> _Description of the task_:
Every record below must be set down again exactly as given.
▬▬▬
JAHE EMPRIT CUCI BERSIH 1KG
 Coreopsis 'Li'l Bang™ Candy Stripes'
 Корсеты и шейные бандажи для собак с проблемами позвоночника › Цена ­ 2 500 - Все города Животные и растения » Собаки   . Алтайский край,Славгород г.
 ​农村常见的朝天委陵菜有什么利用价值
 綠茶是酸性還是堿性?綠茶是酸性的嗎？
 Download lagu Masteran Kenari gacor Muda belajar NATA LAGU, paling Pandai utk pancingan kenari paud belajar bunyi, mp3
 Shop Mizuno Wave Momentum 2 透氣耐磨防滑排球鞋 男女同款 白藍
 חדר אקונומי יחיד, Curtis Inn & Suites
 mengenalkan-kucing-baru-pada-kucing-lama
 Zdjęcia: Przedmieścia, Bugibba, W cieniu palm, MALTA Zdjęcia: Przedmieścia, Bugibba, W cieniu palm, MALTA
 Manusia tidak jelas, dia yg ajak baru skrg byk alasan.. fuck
▬▬▬
> _Answer to the exercise_:
JAHE EMPRIT CUCI BERSIH 1KG
 Coreopsis 'Li'l Bang™ Candy Stripes'
 Корсеты и шейные бандажи для собак с проблемами позвоночника › Цена ­ 2 500 - Все города Животные и растения » Собаки   . Алтайский край,Славгород г.
 ​农村常见的朝天委陵菜有什么利用价值
 綠茶是酸性還是堿性?綠茶是酸性的嗎？
 Download lagu Masteran Kenari gacor Muda belajar NATA LAGU, paling Pandai utk pancingan kenari paud belajar bunyi, mp3
 Shop Mizuno Wave Momentum 2 透氣耐磨防滑排球鞋 男女同款 白藍
 חדר אקונומי יחיד, Curtis Inn & Suites
 mengenalkan-kucing-baru-pada-kucing-lama
 Zdjęcia: Przedmieścia, Bugibba, W cieniu palm, MALTA Zdjęcia: Przedmieścia, Bugibba, W cieniu palm, MALTA
 Manusia tidak jelas, dia yg ajak baru skrg byk alasan.. fuck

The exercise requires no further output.